The source of this new evidence is a report commission by the government. It looks at the impact of government policy on energy prices on energy-intensive industries – steel, cement and some chemical industry processes. It compared the UK experience to that in China, India, Japan, Russia, Turkey and the US. In the EU, a comparison was made with Germany, France, Italy and Denmark.
The report supports the case we've been putting to government for a long time – that the country's high energy taxes along with the costs of climate change policy is eroding the competitiveness of UK manufacturing in some key sectors. Worryingly, it indicates that it is likely to get a lot worse by 2020 with costs likely to be double for high energy industries compared to 2011.
The gulf between the UK and many other countries stems from the absence of a global deal on climate change different countries are pursuing carbon reduction policies at different rates and costs. In the UK, our renewnable energy deployment strategy accounts for a lot of the additional costs faced by EIIs. Other unilateral costs include the Carbon Price Floor – a new UK tax which imposes a minimum price for emission allowances under the EU's emissions trading scheme.
Ironically it is these self-same manufacturers who provide the building blocks for thousands of products that will help us cut carbon - from energy efficient building materials to solar panel and electronics. These are manufacturers who are stepping up to be part of the transition to a low carbon economy – but they can't do it with one hand tied behind their backs.
EEF has warned that, unabated, this could lead to “carbon leakage” in sectors that struggle to pass on their costs because they are operating in global, fiercely competitive markets. Carbon leakage refers to an incremental erosion of incumbent manufacturing because production and investment is shifted to regions without carbon controls and where manufacturing costs, and therefore products and materials, are therefore cheaper.

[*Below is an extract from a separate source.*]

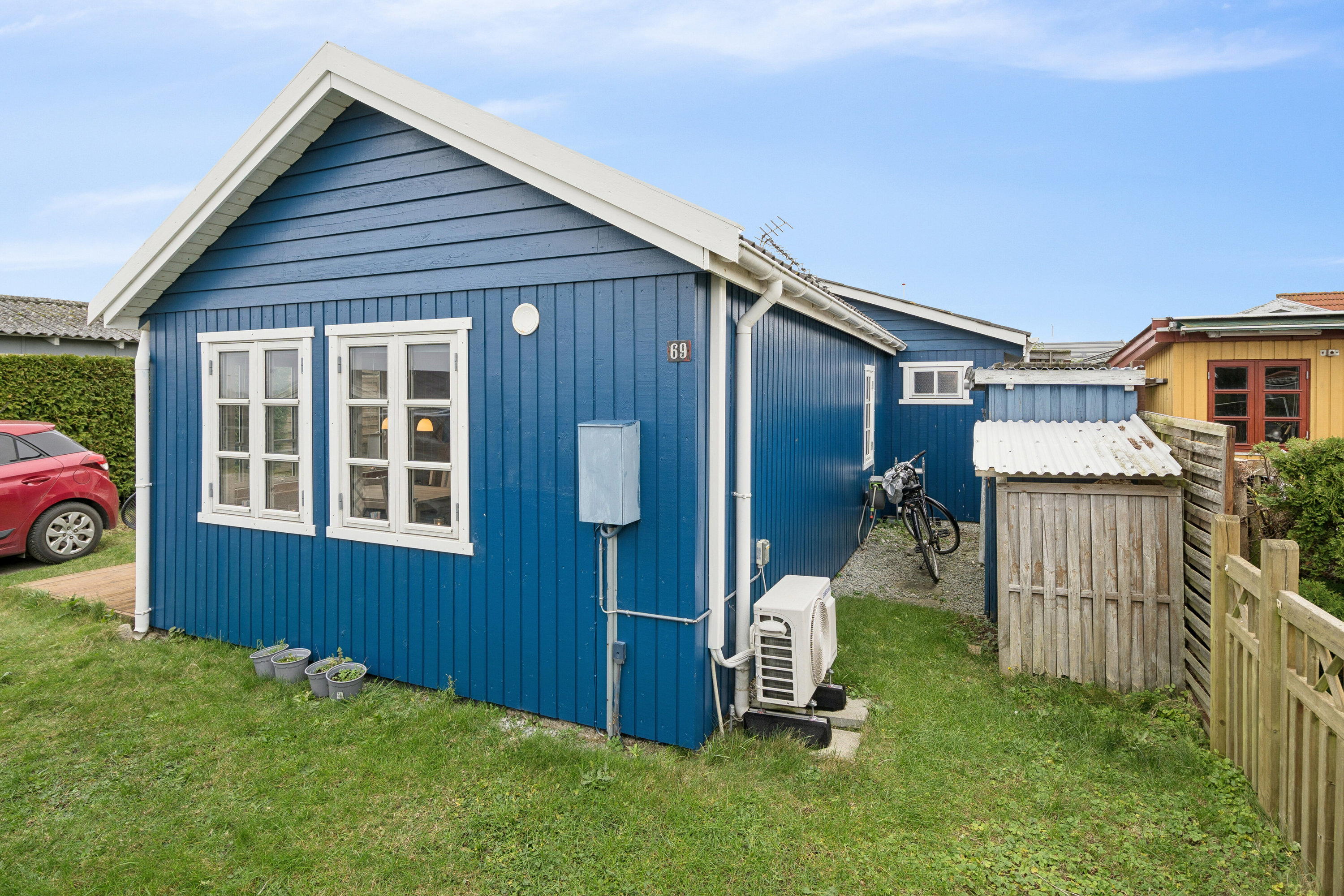 Fremhævet set fra haven billede i fuldskærmstilstand. Billede af Lodsvej 69, 4736 Karrebæksminde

European governments appear to be taking this issue extremely seriously. The report shows that even in Europe where we are subject to similar regulation and targets UK EIIs are still paying more than most because other member states are reimbursing vulnerable industries. Reimbursements to EIIs appear most significant for Germany, Denmark and Italy, and are also relatively high for France. However, this is an area where further investigations by government is needed.
To be fair, the government has begun to make the right noises. Last year, the Chancellor announced a package of measures that will run until 2015 to help offset some of these costs for EIIs. But it is still unclear who qualifies and whether there the allocated funds will be adequate. There is also no firm commitment to address the high costs borne by consumers as a result of the renewables investment.
We need to see government make its intentions clear as soon as possible and outline post-2015 plans to give affected sectors certainty and a more level playing field. Until these measures are put in place the competitiveness of our energy intensive industries risks being slowly eroded and companies in these sectors will look to invest elsewhere.